Background on Subsetting

Subsetting data is the process of taking a representative sample of your data in a manner that preserves the integrity of your database, e.g., give me 5% of all transactions or pull all data associated with customers who live in California. If you do this naively, your database will break foreign key constraints or you’ll end up with a statistically non-representative data sample. Here are a few situations in which you might find subsetting data to be important or necessary:

  1. You’d like to use your production database in staging or test environments (sans the PII) but the database is very large so you want to use only a portion of it.

  2. You’d like a test database that contains a few specific rows from production (and related rows from other tables) so you can reproduce a bug.

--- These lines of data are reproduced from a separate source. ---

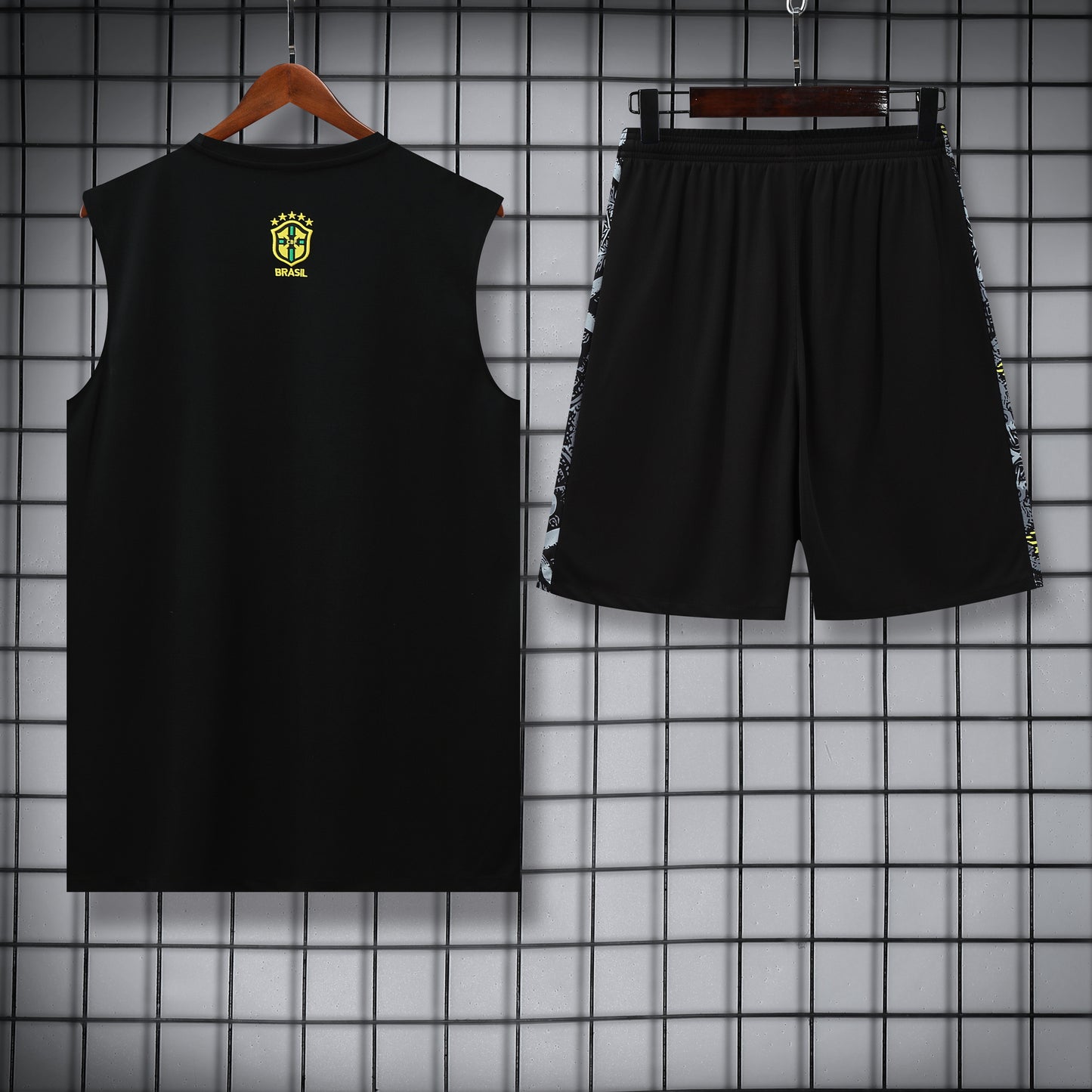 2025 Brazil gray Special Edition training vest set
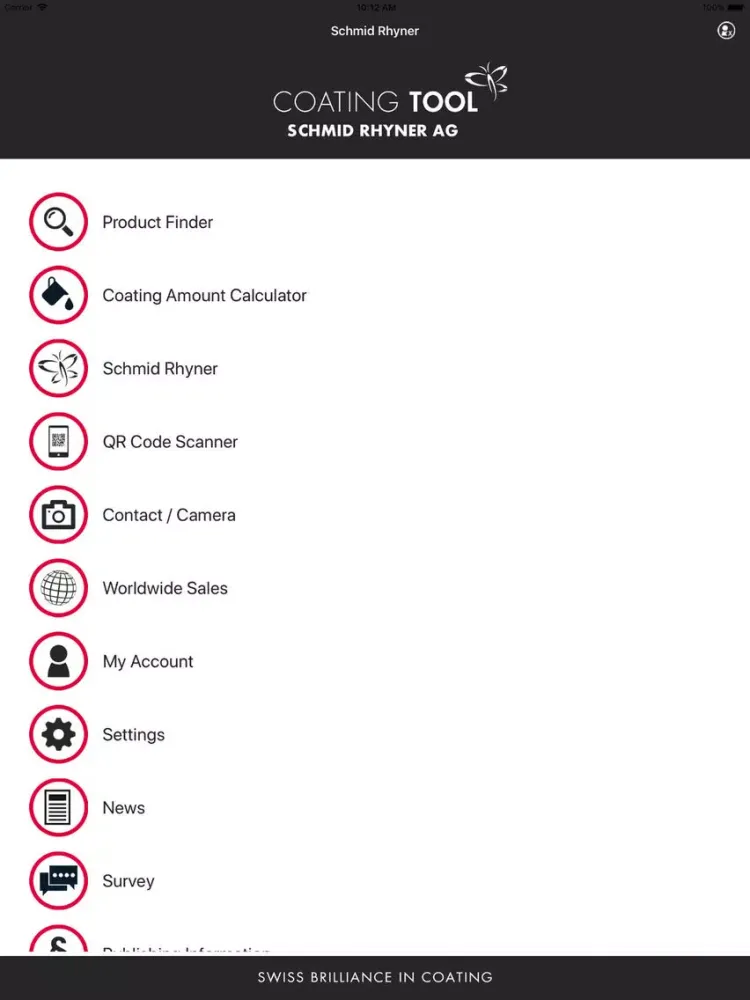 Capturas de tela do Coating Tool iPad 
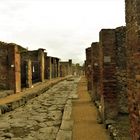 Pompei endlich Menschenleere Gasse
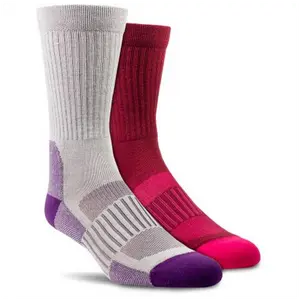 AR2909 Ariat Women's TEK Series High Performance Crew 2-Pair Pack -Pink/Purple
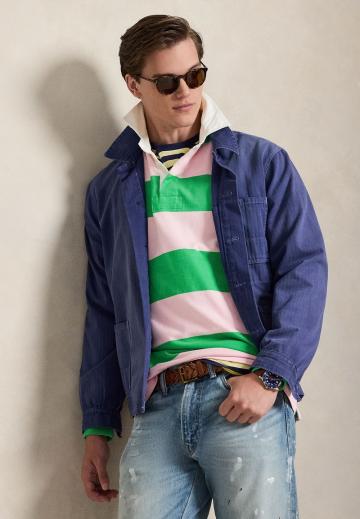 Поло с длинным рукавом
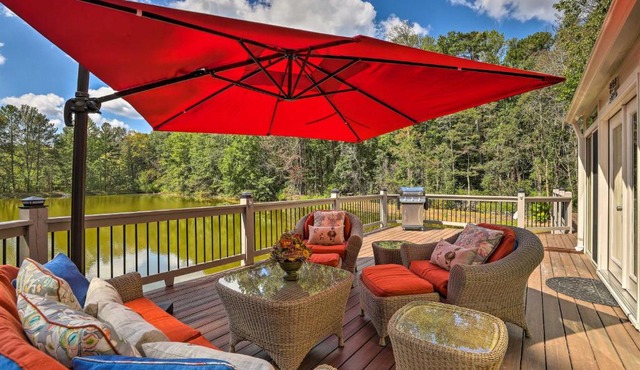 Lawrenceville Gem w/Boat Dock on Private Lake!
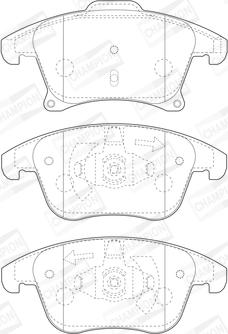 Champion 573674CH - Kit pastiglie freno, Freno a disco www.autoricambit.com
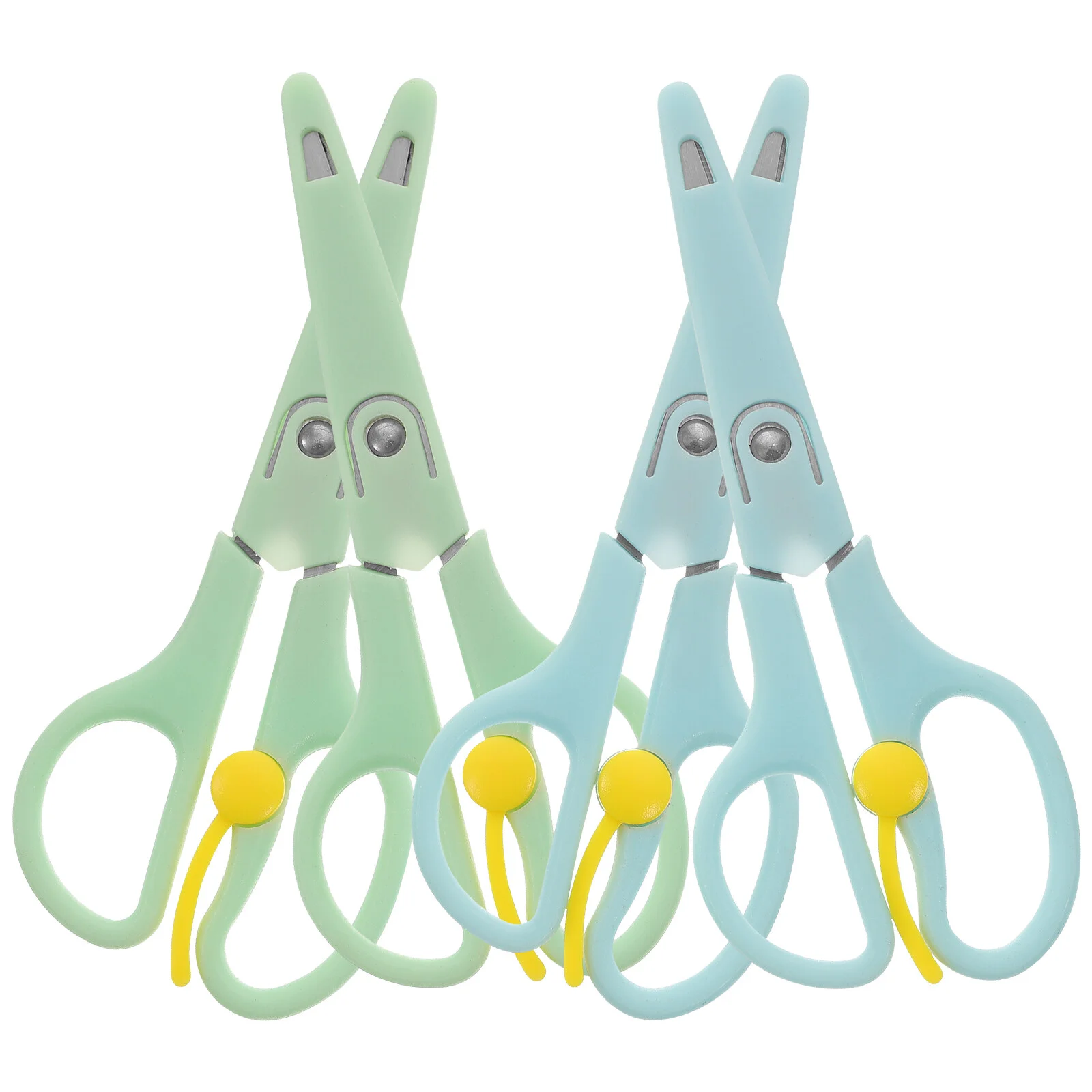 

4 Pcs Scrapbook Scissors Crafting Mint Kids Safety Manual Stainless Steel Toddlers 2-4 Years Student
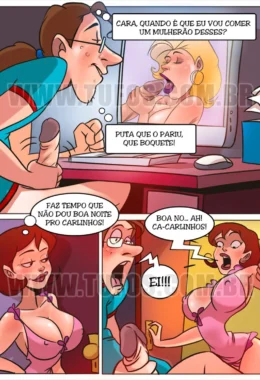 Piranha Flagrou o Punheteiro! Em HQ Brasileiro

  3. You want to share data with others but you don’t want them to have all of it.

You can learn more about our approach to subsetting in these two technical blog posts here and here. Our commercial subsetter included in the Tonic platform is a highly optimized and more performant version of our open source subsetter: https://github.com/TonicAI/condenser.

Subsetting Configuration

When subsetting is enabled the database is subsetted before any table or column transformations are applied. All subsetting occurs before data is transferred to the destination database to ensure that no sensitive data is leaked.

In order to subset, your source database needs either foreign key constraints or you need to manually defined relationships per the instructions in the Workspace section

  1. Subsetting must first be enabled

  2. Specify your target table(s) and either a Percentage or Where Clause to limit the records from this table that you want to keep in the output. You can pick as many targets are you want, Tonic will automatically figure out which rows from other tables need to be included to hit these targets.

  3. A list of all tables that will have data included in the output subset based on foreign key constraints

  4. A list of all tables that will be truncated in the output subset

Subsetting does not drop excluded tables from the output schema. The entire schema is copied to the output regardless of what data is included in the subset.